Australia’s property-trust sector is dominated by diversified trusts focused on industrial properties, offices and shopping malls. In contrast, in the US market, 13% of the S&P US Real Estate Investment Trust index is invested in health care, 16% in hotels and resorts, 16% in residential property and 13% in the other specialised categories encompassing properties such as prisons, data centres and baseball parks.

David Harrison, Charter Hall’s chief executive, says venturing into new asset classes offers the opportunity to buy properties at lower prices and benefit from appreciating values as the sector attracts more institutional investors.

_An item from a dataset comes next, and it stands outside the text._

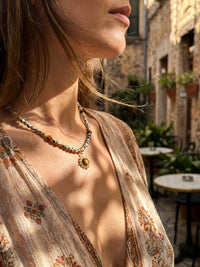 Kette Sun Spirit – Dalmatinerjaspis und Tigerauge Kette mit Sonnen-Anhänger, 18K vergoldet – Detailaufnahme, Nahaufnahme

Charter Hall has been among the most aggressive in buying ­assets previously off the radar of property trusts, even as it maintains a large position in office, industrial and retail property. A portfolio of pubs leased for 20 years to ALH Group, a subsidiary of supermarket giant Woolworths, has been a star performer, delivering a 20 per cent annual return.

Charter Hall is developing a campus for Western Sydney University and is looking for new ­opportunities in education, which is Australia’s third-largest export behind coal and iron ore because it caters heavily to foreign students, including from China and India.

Harrison says education and medical facilities offer long-term leases that are in high ­demand from pension funds wanting to co-invest with Australian REITs via their rapidly growing fund-management businesses. Australia’s $US1.5 trillion pension market is the world’s fifth largest.

“We think education is another sector that there will be quite a lot of long-lease assets that we can build, or buy on a sale and lease back,” he says.